I go to these rooms in Seoul, in Jeddah, in Kathmandu, in Bangkok,in Baker, Louisiana, in St. Louis' cathedral in the Vieux Carre,in Notre dame in ashrams, in AA meetings, NA meetings only to ask that maybe one day I will get It.

I have gone there looking for miracles and have often found them without knowing it until years later.

I have gone when I needed a new employer, a new sex life, to dry tears, to eat free finger sandwiches, to keep my doomed cat from suffering throughout another night, to ask that my mother experience a moment of pure joy before she dies; I have gone to become less and less me and to become more assured of some Presence.

I have gone to learn tolerance, patience and how to not only give but how to receive without asking a hundred befuddling questions beginning with why do good things always happen to you, why bad things to me?.

I go to find out what it is like to be a reasonable man.
Now is not the time to think that somehow I willed all of this to happen.

In the past, yes, every success was an assurance that my human will can be triumphant.
I have a lot of things to be grateful for. I want to remember them on a daily basis.

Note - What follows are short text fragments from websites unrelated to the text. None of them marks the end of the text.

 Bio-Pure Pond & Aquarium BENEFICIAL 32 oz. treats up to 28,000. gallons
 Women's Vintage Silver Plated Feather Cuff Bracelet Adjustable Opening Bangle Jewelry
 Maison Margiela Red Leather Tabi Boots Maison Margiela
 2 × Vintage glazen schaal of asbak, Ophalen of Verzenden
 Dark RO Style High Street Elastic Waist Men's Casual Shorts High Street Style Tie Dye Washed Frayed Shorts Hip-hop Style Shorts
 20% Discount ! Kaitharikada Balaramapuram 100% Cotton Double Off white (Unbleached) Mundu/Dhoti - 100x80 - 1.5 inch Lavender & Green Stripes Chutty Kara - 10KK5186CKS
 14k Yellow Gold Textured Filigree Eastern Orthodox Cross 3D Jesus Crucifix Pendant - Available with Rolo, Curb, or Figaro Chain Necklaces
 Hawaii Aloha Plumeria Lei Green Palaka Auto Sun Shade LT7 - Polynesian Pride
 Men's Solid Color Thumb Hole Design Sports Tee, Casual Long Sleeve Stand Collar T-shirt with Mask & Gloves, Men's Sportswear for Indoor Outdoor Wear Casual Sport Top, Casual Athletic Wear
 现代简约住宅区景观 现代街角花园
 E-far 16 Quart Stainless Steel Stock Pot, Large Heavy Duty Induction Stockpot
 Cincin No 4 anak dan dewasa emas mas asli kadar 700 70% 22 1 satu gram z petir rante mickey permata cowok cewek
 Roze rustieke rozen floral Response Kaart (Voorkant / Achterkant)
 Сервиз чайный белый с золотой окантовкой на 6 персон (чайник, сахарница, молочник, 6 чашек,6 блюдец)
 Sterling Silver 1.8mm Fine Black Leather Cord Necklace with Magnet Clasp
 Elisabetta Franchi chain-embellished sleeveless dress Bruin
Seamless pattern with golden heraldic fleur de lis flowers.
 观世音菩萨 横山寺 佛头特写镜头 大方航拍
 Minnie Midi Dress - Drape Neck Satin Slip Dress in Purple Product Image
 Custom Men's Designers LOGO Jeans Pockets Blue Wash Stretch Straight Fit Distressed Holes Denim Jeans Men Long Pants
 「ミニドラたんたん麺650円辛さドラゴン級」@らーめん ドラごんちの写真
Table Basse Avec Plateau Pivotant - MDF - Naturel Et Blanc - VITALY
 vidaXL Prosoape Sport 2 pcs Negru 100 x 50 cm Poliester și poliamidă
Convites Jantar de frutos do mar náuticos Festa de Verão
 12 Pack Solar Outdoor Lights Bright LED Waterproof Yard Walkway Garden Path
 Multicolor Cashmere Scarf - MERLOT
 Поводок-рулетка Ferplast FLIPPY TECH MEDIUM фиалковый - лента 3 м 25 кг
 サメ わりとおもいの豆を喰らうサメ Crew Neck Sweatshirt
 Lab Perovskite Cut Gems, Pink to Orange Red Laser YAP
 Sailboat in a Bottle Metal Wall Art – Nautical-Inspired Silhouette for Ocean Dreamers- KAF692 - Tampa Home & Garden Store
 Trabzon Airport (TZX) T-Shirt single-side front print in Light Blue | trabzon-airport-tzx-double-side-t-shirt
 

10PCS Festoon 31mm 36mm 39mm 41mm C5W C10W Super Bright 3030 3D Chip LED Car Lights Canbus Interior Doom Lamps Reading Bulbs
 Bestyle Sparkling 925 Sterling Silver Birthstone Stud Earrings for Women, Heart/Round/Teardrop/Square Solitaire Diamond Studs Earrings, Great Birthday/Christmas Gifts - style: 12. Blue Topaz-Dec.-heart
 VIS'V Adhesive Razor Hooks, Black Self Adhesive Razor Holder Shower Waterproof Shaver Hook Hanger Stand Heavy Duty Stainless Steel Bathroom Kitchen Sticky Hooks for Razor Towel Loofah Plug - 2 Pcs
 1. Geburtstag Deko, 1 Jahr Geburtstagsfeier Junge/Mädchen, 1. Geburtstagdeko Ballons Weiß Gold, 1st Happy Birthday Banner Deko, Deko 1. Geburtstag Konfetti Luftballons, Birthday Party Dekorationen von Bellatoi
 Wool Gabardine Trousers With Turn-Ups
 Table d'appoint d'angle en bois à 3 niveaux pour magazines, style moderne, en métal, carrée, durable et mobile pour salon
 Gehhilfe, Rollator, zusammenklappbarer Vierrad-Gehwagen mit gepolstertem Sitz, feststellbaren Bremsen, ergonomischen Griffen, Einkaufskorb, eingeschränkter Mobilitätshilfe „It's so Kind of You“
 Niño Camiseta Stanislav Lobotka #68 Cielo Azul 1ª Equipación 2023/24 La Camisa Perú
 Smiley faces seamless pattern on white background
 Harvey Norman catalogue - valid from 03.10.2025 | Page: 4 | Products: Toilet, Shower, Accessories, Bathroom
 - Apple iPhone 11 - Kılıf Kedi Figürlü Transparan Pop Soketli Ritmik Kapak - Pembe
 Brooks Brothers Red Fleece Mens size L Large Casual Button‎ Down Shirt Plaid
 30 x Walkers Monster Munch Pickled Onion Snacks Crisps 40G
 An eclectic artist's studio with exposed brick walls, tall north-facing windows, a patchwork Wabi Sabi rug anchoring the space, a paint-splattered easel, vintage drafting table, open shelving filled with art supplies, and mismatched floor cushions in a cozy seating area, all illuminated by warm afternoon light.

Today, after I drove past an expanse of sea,, I went to a mall and I encountered a Nepali guard whom I've met before and talked to before, who, when he sees me, exchanges a "Namaste" , using the appropriate hand gestures. He is a slight man, unassuming, tough steely eyed, and extremely mindful of all that happens around him. Still, when he sees me coming, he recognizes a Divine Presence in me--the same presence in all of us, as I seein him.

So we clasp our hands together, bow our heads slightly and whisper, "Namaste."